One genus or species is usually predominant during the development of the pioneer community. In the mouth, the predominant cultivable organisms are streptococci, and in particular S. salivarius, S. mitis and S. oralis. Many of the pioneer species possess IgA₁ protease activity, which may enable producer organisms to evade the effects of this key host defence factor. Over time, the metabolic activity of the pioneer community modifies the environment providing conditions suitable for colonization by a succession of other populations. This may be by:

• modifying or exposing new receptors for attachment (‘cryptitopes’ – Ch. 5),

• changing the local pH or reducing oxygen levels and lowering the redox potential, Eh, or

• generating additional nutrients, for example, as end products of metabolism (lactate, succinate) or as breakdown products (peptides, haemin) which can be used by other organisms as part of a food chain.

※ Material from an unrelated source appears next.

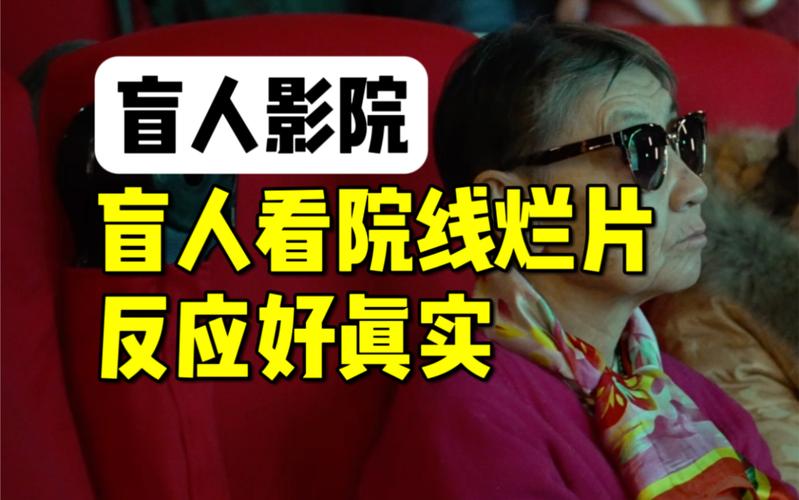 日本精油spa的相关介绍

As outlined above, the pioneer community influences the pattern of microbial succession. This involves the progressive development of a pioneer community (containing few species) through several stages in which the number of microbial groups increases, until an equilibrium is reached; this is termed the climax community, and generally has a high species diversity (Fig. 4.1). Succession is associated with a change from a site possessing few niches (roles – Ch. 1) to one with a multitude of potential niches. A climax community reflects a highly dynamic situation between the host, the environment and the microflora, and must not be regarded as a static state.

Fig. 4.1 Ecological stages in the establishment of a microbial community. As microbial diversity increases, the metabolism of the pioneer species modifies the local environment making conditions suitable for secondary colonizers.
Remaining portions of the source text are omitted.